NET::ERR_CERT_AUTHORITY_INVALID issue appearing - was working after initial install a couple days ago

Help
1

I tried using LetsEncrypt free SSL for the first time on 15 sites I’m working on. I used certbot to install an SSL cert on all 15 of theses sites 2 days ago. Things went extremely smooth and everything was working perfectly. However, it appears that as of this morning, browsers are now displaying an insecure error with the following error: NET::ERR_CERT_AUTHORITY_INVALID

My domain is:
https://realestate.heraldnet.com/

I ran this command:
None

It produced this output:
None

My web server is (include version):
Litespeed 5.3.8 (backup Apache/2.4.39)

The operating system my web server runs on is (include version):
CentOS 6.10

My hosting provider, if applicable, is:
GoDaddy

I can login to a root shell on my machine (yes or no, or I don’t know):
Yes

I’m using a control panel to manage my site (no, or provide the name and version of the control panel):
WHM - cPanel

The version of my client is (e.g. output of certbot --version or certbot-auto --version if you’re using Certbot):
certbot 0.34.2

2

Hi,

Could you please logon to GoDaddy cPanel and check the certificate listed in cPanel -> TLS/SSL status?
It seems that now it’s been reverted back to the original self-signed certificate…

Thank you

1 Like
3

Hi @avweb

that's curious. Checking your domain there is a self signed cPanel-certificate ( https://check-your-website.server-daten.de/?q=realestate.heraldnet.com ):

CN=realestate.heraldnet.com
	17.05.2019
	16.05.2020
expires in 352 days	
realestate.heraldnet.com, mail.realestate.heraldnet.com, 
www.realestate.heraldnet.com, webmail.realestate.heraldnet.com, 
cpanel.realestate.heraldnet.com, webdisk.realestate.heraldnet.com - 6 entries

If you use cPanel, you shouldn't use Certbot directly.

And you have a Letsencrypt certificate with 15 domain names:

CertSpotter-Id Issuer not before not after Domain names LE-Duplicate next LE
936350669 CN=Let's Encrypt Authority X3, O=Let's Encrypt, C=US 2019-05-28 20:34:40 2019-08-26 20:34:40 realestate.bainbridgereview.com, realestate.bellevuereporter.com, realestate.federalwaymirror.com, realestate.heraldnet.com, realestate.juneauempire.com, realestate.kentreporter.com, realestate.kirklandreporter.com, realestate.kitsapdailynews.com, realestate.peninsulaclarion.com, realestate.peninsuladailynews.com, realestate.seattleweekly.com, realestate.southwhidbeyrecord.com, realestate.thedailyworld.com, realestate.vashonbeachcomber.com, realestate.whidbeynewstimes.com - 15 entries duplicate nr. 1

Perhaps your hoster has updated the cPanel.

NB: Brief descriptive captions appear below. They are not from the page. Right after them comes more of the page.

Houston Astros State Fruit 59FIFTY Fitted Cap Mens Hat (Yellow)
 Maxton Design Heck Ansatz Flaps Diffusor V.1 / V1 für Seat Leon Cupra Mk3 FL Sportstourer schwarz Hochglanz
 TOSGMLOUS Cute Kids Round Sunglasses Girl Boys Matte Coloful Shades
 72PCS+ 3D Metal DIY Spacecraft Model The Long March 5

Check your cPanel if there is an option to create a Letsencrypt certificate. Then use that.

2 Likes
4

Also, as @JuergenAuer said, if you are using cPanel, you aren’t supposed to edit / touch Apache / LSWS files directly, as it will not stay unchanged after reboot / restart / reload.

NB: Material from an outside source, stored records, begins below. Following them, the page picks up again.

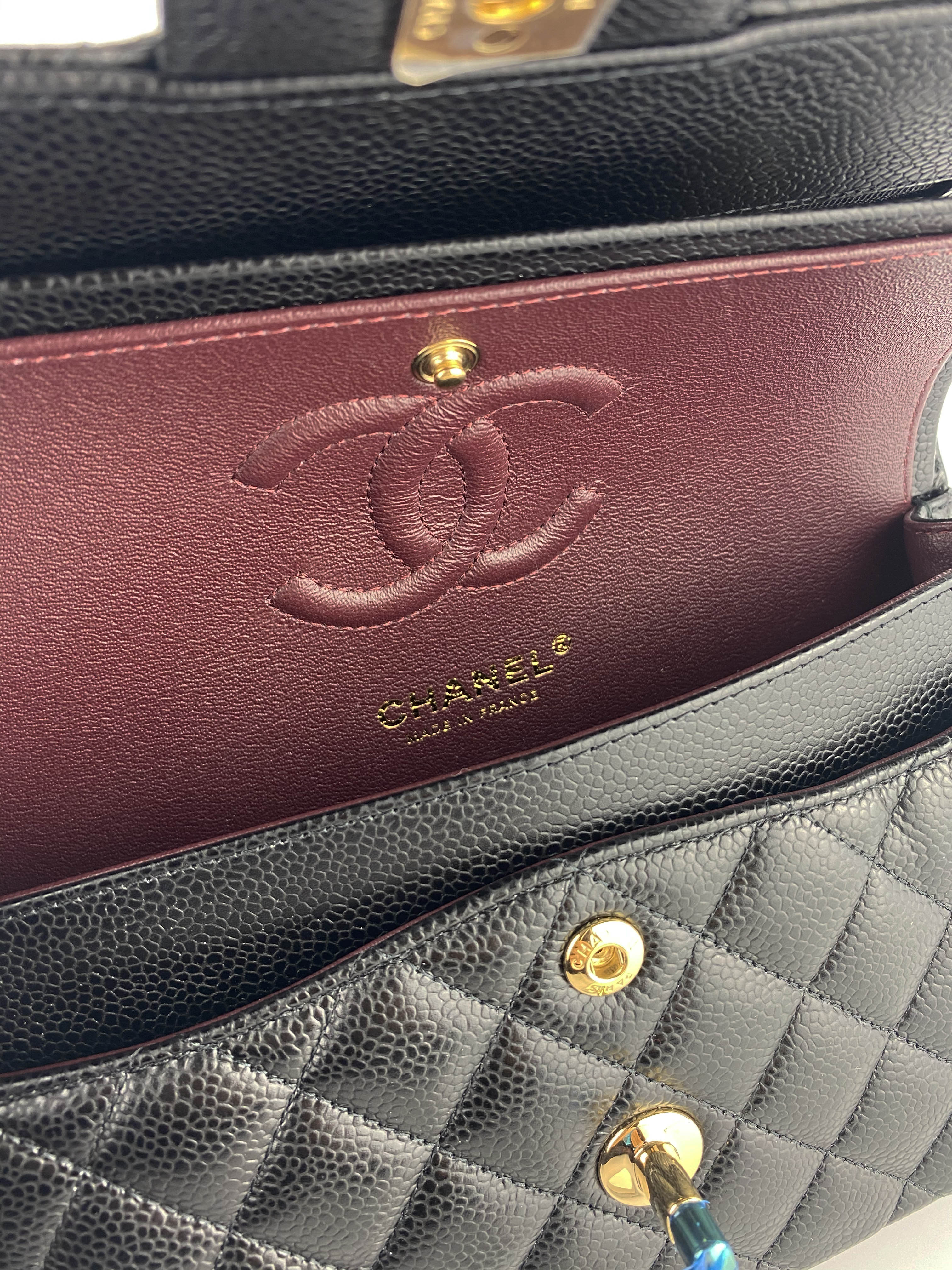 Chanel Black Small Classic Flap Bag - Timeless Luxury Handbag for Women | Perfect for Evening Events, Date Nights & Special Occasions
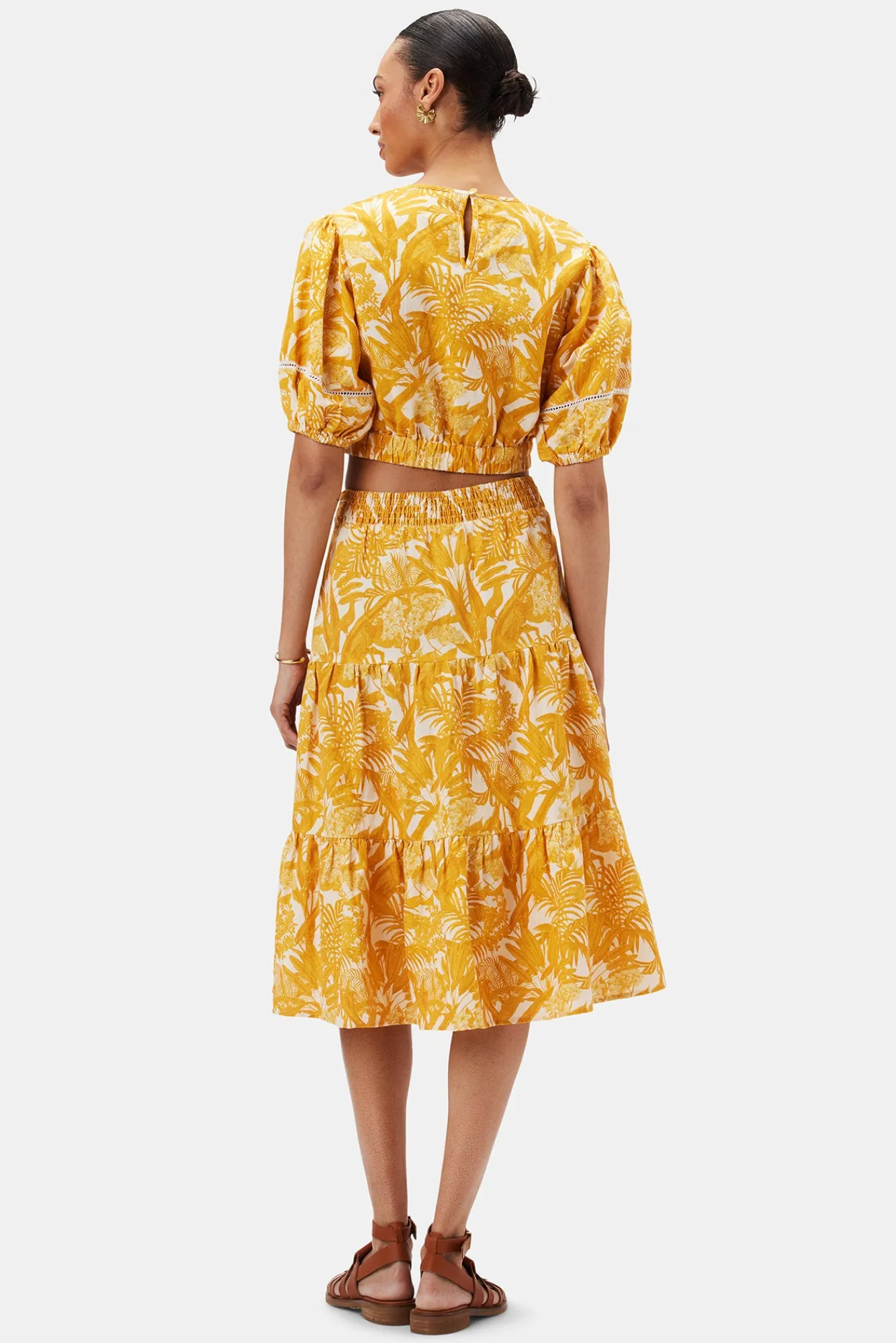 Amour Vert Lisa Cotton Linen Top- Tops|Clearance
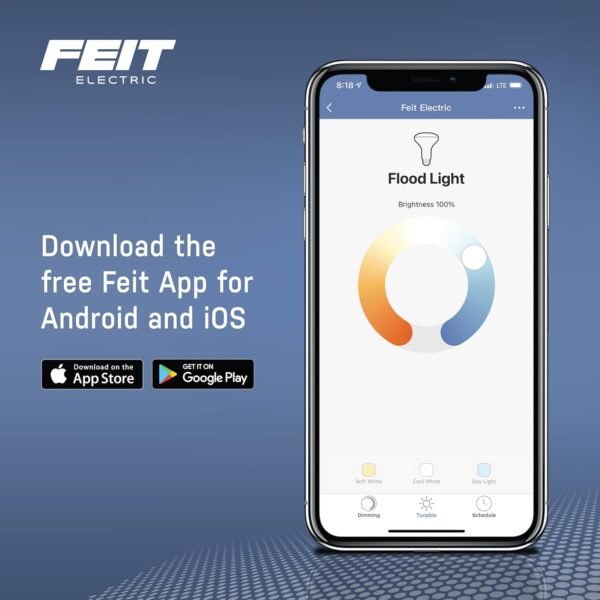 Feit Electric 60 Watt Equivalent Smart Filament Globe Bulb, Spiral Filament WiFi Dimmable, Works with Alexa and Google Assistant No Hub Required, G30 Vanity LED Smart Light Bulb G3060/RGBW/FIL/AG - Image 9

You should try to either obtained the certificate and update it in cPanel interface manually, or use cPanel api to directly update the certificate from command-line.

acme.sh (another third party acme script) have support for cPanel API.

Thank you

2 Likes
5

Ok, That makes sense. I will speak with my hosting provider to see if they have a way to set it up within cPanel, as I’m not seeing any LetsEncrypt integration tools in cPanel currently, just the standard, upload/ install a certificate options.

6

Hosting provider has stated they do not support 3rd Party SSL and cannot provide assistance… is there any documentation on the cPanel route?

7

Allows your cPanel a manual import? If yes, you can create a certificate via Certbot (with Certonly, without installation) and upload it. But you have to do that every 60 - 85 days.

8

I was able to download a WHM plugin for Let’s Encrypt. AutoSSL is now set up and everything appears to be working. Thanks for your help!

2 Likes
9

This topic was automatically closed 30 days after the last reply. New replies are no longer allowed.